RECORDED DATA Start Marker

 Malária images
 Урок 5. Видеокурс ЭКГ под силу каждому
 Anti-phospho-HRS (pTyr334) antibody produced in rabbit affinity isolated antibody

RECORDED DATA End Marker

## TASK TO COMPLETE
Return the whole listing exactly, with every line included.

## FINISHED EXERCISE
 Malária images
 Урок 5. Видеокурс ЭКГ под силу каждому
 Anti-phospho-HRS (pTyr334) antibody produced in rabbit affinity isolated antibody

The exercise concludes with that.